Forced Labour Evidence Brief: Due Diligence and Transparency Legislation
→ Forced labour and human rights abuses of workers are endemic across several sectors of the global economy. Recognising this, governments around the world have introduced legal frameworks designed to encourage corporations to take responsibility for tackling this abuse in global supply chains.
→ Transparency legislation, a dominant mode of regulation, is not working. Academic research has highlighted major weaknesses in the effectiveness of transparency legislation to influence corporate behaviour. Corporations can comply with transparency legislation without altering the commercial practices that lead to forced labour and exploitation. Strong sanctions for non-compliance are lacking, as are paths for remedy and redress for victims. Briefly put, to date, transparency has sparked disclosure without actually changing things. Early efforts towards human rights due diligence to date have similarly focused on mapping with little action towards meaningful change.
→ Fortunately, there are potential solutions. Transparency legislation should be reformed and strengthened. In addition, mandatory human rights due diligence legislation (mHRDD) should be passed requiring companies to address adverse human rights impacts, including forced labour, linked to their supply chains. mHRDD introduces a new duty on corporations to carry out robust human rights due diligence across their entire supply chains and it can be combined with strong sanctions such as civil liability and supervision by a public oversight body that can impose a fine on those not carrying out the duty.
→ Whilst governments should focus efforts on introducing mHRDD laws, work should also be taken to reform transparency legislation where it is in place, through the addition of criminal, civil, and administrative accountability measures for false reporting or failure to report. Introducing mHRDD laws and upgrading transparency laws is not a binary choice. Action is needed on both fronts. Governments should collaborate to harmonize a proven, effective model of mHRDD across jurisdictions.

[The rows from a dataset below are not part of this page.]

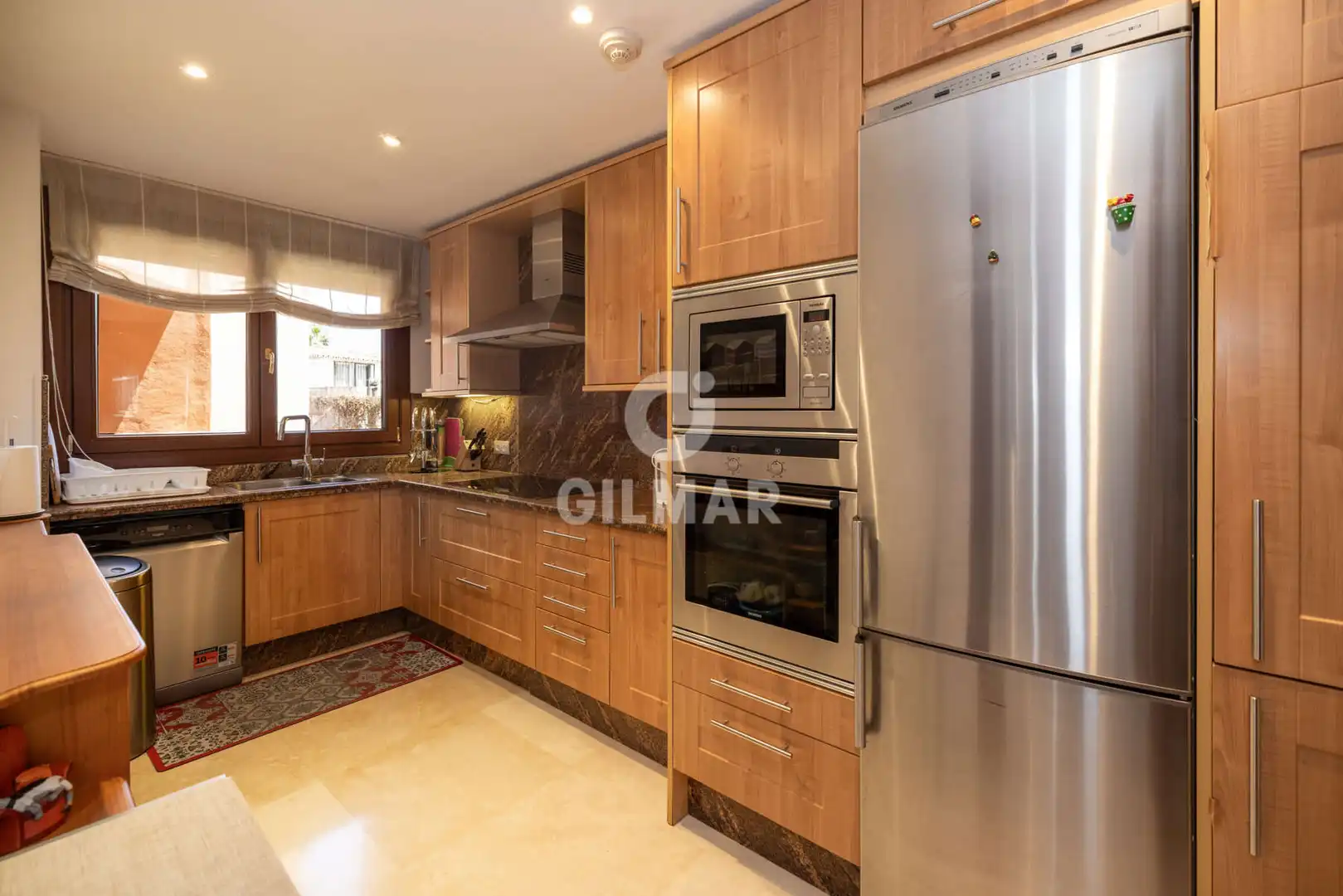 Cocina de Planta baja en venta en Estepona con Calefacción, Jardín privado y Trastero
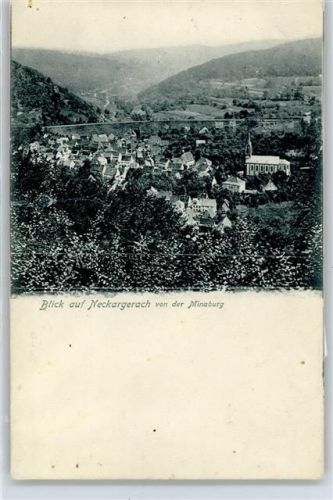 Neckargerach Gesamtansicht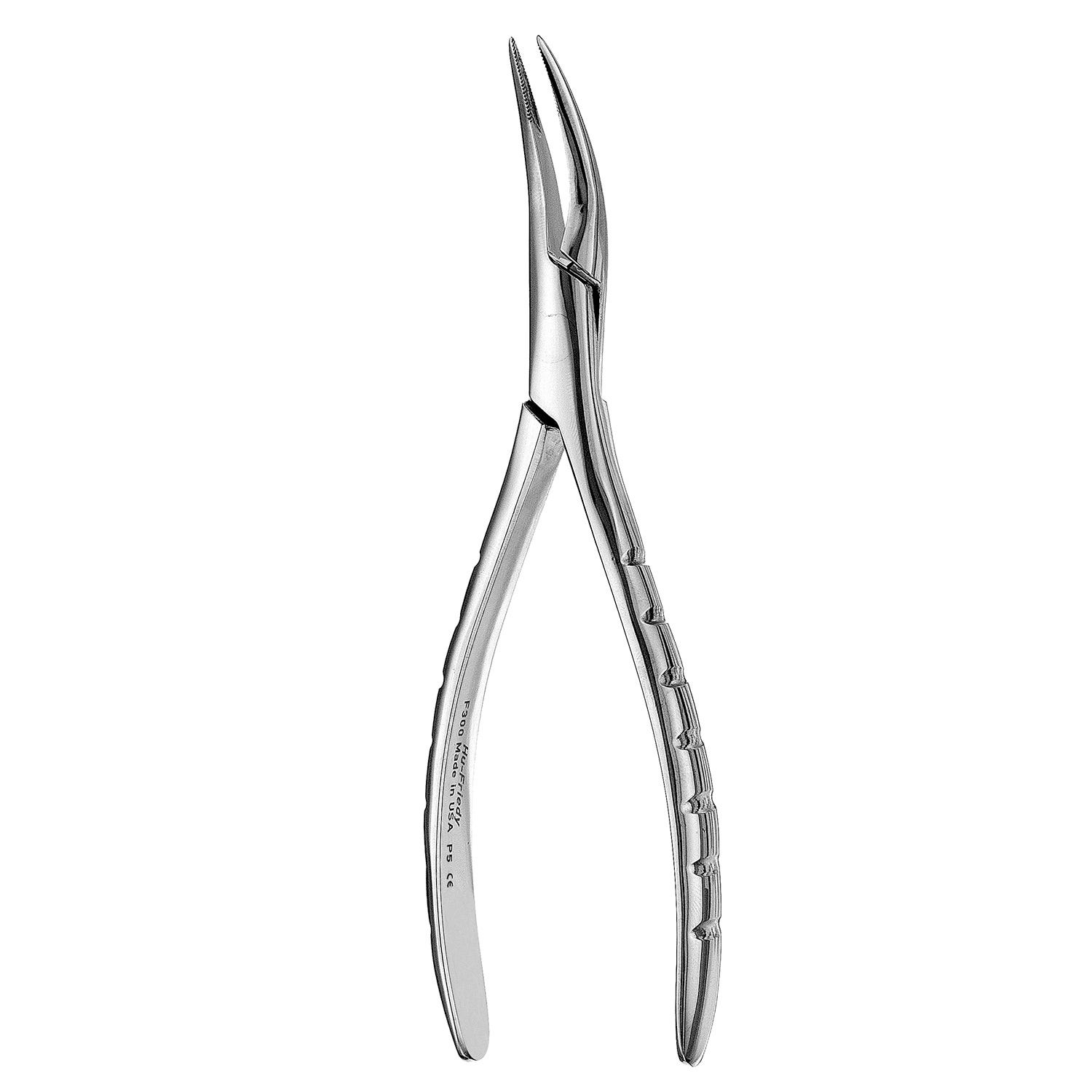 Forcep Upper Root #300 6 1/2" 16.5cm Serrated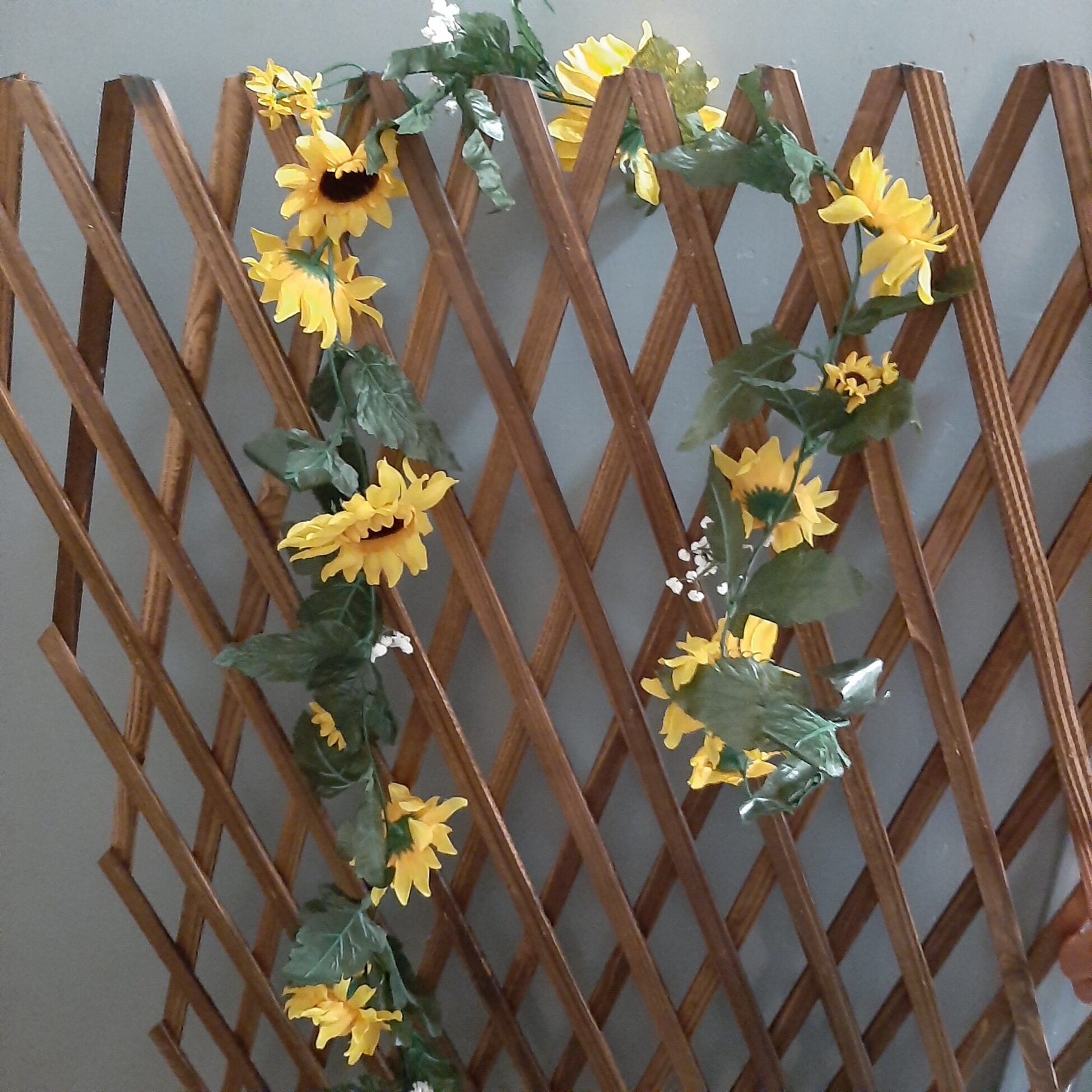 Sunflower Garland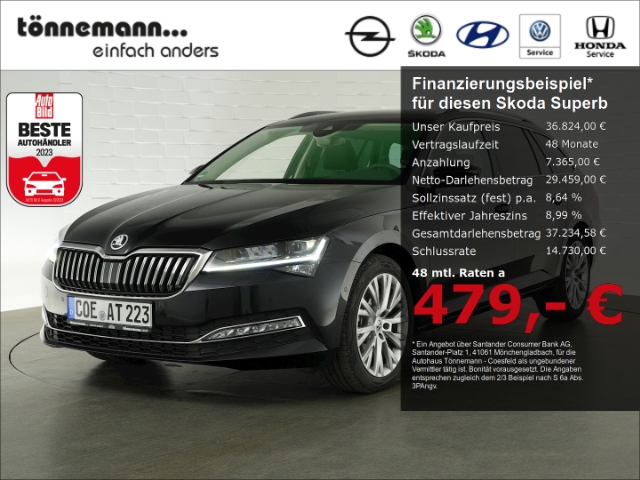 Skoda Superb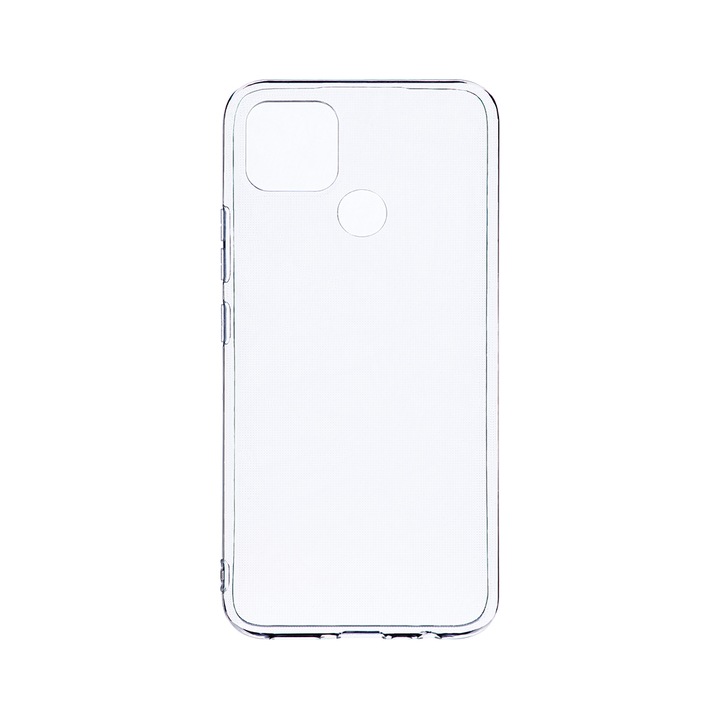 Силиконов калъф BestCase за Realme 7i (Global), Camera Protection, Clear Silicon 2MM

→ These measures will contribute to, and can be complemented by, broader legal reforms and initiatives to effectively regulate 21st century corporations and their supply chains to ensure they are no longer hard-wired to produce exploitation. These may include, for instance, enforcing labour rights through trade laws, antitrust reform, innovative labour law enforcement, and reorienting corporate purpose and duties towards stakeholder value.
→ Implementing effective mHRDD legislation and practices will necessarily disrupt the status quo of how business is currently done in global supply chains, including value distribution and the role of workers within governance. These issues are explored within other briefs in this series.